An exterior view of building BV100, during a tour of Google's new Bay View Campus in Mountain View, California, U.S. May 16, 2022. Picture taken May 16, 2022.
Alphabet's Google LLC won a jury trial on Tuesday in a long-running patent lawsuit in Delaware federal court over features in Google's smartphones and apps.
The jury decided that Luxembourg-based patent owner Arendi SARL's patent was invalid and that Google did not infringe it, according to the verdict made public on Wednesday.
Attorneys for Arendi did not immediately respond to a request for comment.

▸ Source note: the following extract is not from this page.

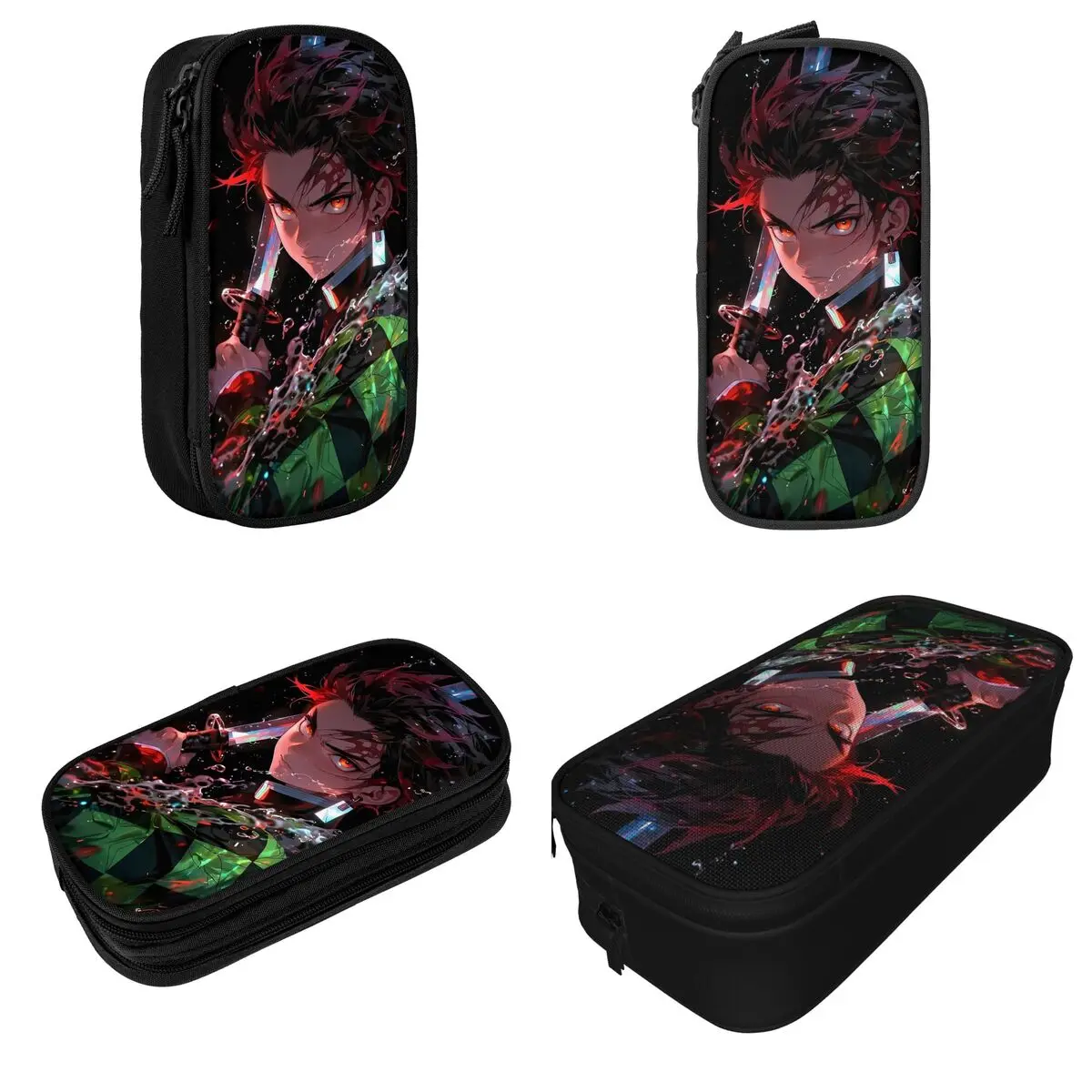 Creative Demon Slayer Pencil Case Tanjiro Kamado Anime Pencil Pouch Pen Holder Large Storage Bag School Supplies Gift Stationery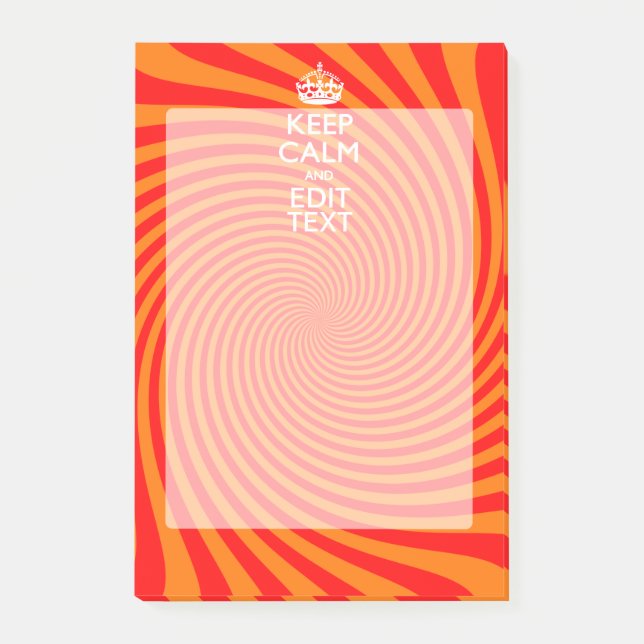 Keep Calm And Have Your Text Orange Swirl Post-it Notes (Front)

Google spokesperson José Castañeda said the company was pleased with the decision and appreciated the jury's "careful attention to the extensive evidence presented in this case."
Norwegian inventor Atle Hedloy's Arendi sued Google in 2013 over the patent, which relates to retrieving information like names and addresses from a database and entering it into word processors and spreadsheets.
Arendi alleged that Google's mobile devices and apps including Gmail, Chrome, Docs and Messages infringed. It asked the court for $45.5 million in damages, according to a spokesperson for Google's law firm Paul Hastings.
The jury determined that Google did not infringe Arendi's patent and agreed with Google's argument that the patent was invalid based on earlier publications that disclosed the same invention.
Arendi has also sued other tech companies including Apple Inc, Microsoft Corp and Samsung Electronics Co over related patents. Those cases have all been dismissed or resolved.